Lui non plus ne croit pas à l’efficacité d’un fonds de crédit pour les petits producteurs.

« Notre compétitivité sur le marché de l’exportation est mise à l’épreuve par les stocks à disposition sur le marché international qui sont produits par les économies émergentes. La crise dont on parle aujourd’hui est le résultat d’une gestion calamiteuse des sociétés laitières. Celles-ci ne se sont pas adaptées aux conditions du marché international en ajustant plus tôt leurs prix. »

Pourtant, le secteur laitier est l’un des fers de lance de l’industrie agricole australienne. Il occupe la troisième place de la production agricole derrière le blé et le bœuf, avec une production annuelle de 9,7 milliards de litres pour un poids financier de 13 milliards de dollars (10 milliards USD).

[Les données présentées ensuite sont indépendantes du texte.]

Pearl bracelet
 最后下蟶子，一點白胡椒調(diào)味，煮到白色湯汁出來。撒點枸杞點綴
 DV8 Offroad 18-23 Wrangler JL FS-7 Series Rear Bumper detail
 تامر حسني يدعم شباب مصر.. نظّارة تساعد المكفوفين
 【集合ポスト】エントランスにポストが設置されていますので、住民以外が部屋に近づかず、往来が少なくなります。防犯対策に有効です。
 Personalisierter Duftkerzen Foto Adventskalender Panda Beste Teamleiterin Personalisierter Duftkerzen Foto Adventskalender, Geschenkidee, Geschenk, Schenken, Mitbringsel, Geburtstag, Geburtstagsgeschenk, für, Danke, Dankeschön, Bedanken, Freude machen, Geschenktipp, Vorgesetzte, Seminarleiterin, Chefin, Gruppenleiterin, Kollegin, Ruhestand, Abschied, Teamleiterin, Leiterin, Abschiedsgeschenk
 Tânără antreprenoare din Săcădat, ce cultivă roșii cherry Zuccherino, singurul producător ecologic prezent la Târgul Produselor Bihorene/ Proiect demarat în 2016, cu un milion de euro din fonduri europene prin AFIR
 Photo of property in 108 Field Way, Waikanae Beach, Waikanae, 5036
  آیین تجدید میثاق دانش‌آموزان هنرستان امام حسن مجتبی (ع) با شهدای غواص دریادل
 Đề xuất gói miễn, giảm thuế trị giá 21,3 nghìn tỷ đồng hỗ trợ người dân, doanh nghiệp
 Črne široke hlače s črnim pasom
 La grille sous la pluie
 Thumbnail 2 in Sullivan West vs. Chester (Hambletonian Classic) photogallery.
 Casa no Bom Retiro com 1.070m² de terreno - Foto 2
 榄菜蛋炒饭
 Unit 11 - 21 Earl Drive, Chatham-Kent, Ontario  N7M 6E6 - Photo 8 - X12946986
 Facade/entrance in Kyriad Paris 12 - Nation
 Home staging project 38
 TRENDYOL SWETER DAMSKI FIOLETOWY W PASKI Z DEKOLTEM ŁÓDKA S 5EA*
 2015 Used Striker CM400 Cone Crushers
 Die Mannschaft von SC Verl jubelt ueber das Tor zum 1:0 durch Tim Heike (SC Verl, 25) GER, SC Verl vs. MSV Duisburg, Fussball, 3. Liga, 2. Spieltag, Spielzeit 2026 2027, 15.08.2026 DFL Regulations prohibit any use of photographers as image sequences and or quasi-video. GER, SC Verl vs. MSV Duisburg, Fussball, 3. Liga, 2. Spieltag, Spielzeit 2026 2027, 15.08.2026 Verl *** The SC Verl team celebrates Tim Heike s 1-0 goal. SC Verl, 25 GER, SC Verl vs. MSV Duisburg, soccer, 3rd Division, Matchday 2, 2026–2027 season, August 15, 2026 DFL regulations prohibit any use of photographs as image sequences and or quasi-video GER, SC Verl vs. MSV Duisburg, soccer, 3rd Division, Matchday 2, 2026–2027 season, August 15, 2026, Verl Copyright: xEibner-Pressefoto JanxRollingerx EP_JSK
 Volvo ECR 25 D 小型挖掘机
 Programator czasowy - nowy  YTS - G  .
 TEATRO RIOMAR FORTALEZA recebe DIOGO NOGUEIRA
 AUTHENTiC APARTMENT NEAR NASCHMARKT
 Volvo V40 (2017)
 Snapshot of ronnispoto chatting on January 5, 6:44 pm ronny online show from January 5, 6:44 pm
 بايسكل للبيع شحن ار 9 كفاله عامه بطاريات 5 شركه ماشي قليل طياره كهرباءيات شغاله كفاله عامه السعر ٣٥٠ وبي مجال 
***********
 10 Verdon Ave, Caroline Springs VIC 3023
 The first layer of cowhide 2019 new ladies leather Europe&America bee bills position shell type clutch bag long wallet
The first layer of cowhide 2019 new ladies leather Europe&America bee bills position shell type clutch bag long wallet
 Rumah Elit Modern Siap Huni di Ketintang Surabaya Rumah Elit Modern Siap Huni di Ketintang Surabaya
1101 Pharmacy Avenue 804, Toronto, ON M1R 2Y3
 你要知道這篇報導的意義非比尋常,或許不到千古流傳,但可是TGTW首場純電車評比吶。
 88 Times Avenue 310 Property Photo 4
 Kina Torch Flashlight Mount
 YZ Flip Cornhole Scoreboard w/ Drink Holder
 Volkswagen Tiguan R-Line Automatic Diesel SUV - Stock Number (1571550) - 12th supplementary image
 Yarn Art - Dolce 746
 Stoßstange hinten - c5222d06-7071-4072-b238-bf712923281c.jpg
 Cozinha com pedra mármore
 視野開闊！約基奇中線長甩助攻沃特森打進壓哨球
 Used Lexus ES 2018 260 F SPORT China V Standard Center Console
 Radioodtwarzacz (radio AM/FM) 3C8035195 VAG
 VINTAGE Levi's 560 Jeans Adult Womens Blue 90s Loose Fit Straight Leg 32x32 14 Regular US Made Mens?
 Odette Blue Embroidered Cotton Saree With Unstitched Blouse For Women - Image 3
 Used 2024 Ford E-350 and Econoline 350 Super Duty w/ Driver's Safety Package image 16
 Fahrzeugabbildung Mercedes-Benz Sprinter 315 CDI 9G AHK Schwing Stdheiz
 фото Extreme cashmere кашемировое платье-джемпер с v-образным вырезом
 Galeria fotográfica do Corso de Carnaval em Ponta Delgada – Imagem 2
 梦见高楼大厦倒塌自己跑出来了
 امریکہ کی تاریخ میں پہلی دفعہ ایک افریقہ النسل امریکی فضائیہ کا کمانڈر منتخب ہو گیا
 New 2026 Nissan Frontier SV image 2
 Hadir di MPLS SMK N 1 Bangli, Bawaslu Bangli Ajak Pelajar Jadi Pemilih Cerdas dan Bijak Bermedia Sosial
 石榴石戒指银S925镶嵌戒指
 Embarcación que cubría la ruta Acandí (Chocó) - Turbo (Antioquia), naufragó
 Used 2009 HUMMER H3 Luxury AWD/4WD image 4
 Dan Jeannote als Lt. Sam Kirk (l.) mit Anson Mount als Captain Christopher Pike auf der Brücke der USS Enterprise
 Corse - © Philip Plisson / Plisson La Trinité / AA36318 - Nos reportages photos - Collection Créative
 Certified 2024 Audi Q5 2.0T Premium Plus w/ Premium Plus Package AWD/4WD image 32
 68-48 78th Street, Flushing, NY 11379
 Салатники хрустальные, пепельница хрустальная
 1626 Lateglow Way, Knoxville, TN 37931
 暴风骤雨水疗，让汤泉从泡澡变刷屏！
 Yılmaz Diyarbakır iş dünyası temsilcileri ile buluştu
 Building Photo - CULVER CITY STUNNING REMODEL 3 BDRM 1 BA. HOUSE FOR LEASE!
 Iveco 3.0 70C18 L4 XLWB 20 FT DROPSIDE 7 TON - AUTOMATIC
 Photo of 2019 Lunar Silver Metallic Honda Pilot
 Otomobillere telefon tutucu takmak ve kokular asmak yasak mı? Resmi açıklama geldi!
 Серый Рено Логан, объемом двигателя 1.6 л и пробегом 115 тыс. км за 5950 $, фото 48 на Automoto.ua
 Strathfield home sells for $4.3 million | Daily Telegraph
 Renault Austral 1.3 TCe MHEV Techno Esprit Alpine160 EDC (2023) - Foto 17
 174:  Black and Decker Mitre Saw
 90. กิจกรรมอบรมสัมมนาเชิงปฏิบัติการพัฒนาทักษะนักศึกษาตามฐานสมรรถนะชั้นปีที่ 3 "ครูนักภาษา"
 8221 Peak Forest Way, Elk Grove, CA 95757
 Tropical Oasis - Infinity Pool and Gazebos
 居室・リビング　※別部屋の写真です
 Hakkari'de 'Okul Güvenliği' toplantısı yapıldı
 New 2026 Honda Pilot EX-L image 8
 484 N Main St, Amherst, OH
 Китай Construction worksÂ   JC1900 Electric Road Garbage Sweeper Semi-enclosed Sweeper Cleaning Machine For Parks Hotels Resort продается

Avec l’augmentation de la population, la consommation domestique des produits laitiers est d’ailleurs en légère hausse. Reste que 30% du lait produit est exporté, selon Dairy Australia, un organisme cofinancé par le gouvernement et les producteurs

Les sociétés laitières d’achat et de transformation se basent sur ce chiffre pour justifier la baisse du prix, selon eux lié à la situation difficile des ventes à l’étranger et au prix du lait sur le marché international.

Ce point de vue est contesté par les producteurs, qui affirment que les exportations, et donc la dépendance au marché international, ne sont pas aussi importantes. La consommation domestique de lait aromatisé notamment n’aurait pas été prise en compte dans le calcul, affirment-ils.

Le gouvernement a fait savoir qu’il n’interviendra pas. Richard Meredith, porte-parole de Dairy Australia, s’en défend : « C’est le libre marché. Nous ne sommes pas une organisation caritative. Nous fournissons des conseils en management et nous diffusons les résultats de recherches, c’est tout. »

« Dairy Australia est nourrie par les fermiers et elle les laisse tomber ! » réagit Brian Egan, le fondateur d’Aussie helpers

Cette association caritative répond au désespoir en fournissant à la famille Smith et à des centaines d’autres, des aides matérielles d’urgence : du fourrage, des cartons de nourriture et un peu d’argent. « Nous sommes les seuls à procurer un soutien et nous reposons uniquement sur des dons privés et le bénévolat. »

Cet ancien fermier poursuit avec une analyse : « Je ne pense pas qu’il y ait eu surproduction laitière. Seulement, les grosses coopératives ont vu trop grand et elles ont fait des promesses. Les fermiers sont aujourd’hui sous le poids des dettes contractées avec ces sociétés laitières qui leur ont demandé de se soumettre à la baisse du prix du litre avec effet rétroactif. Beaucoup sont poings-liés et ne peuvent guère protester. »

« Et puis, le plus grand ennemi du paysan australien est sa fierté. Il défend mal ses droits ».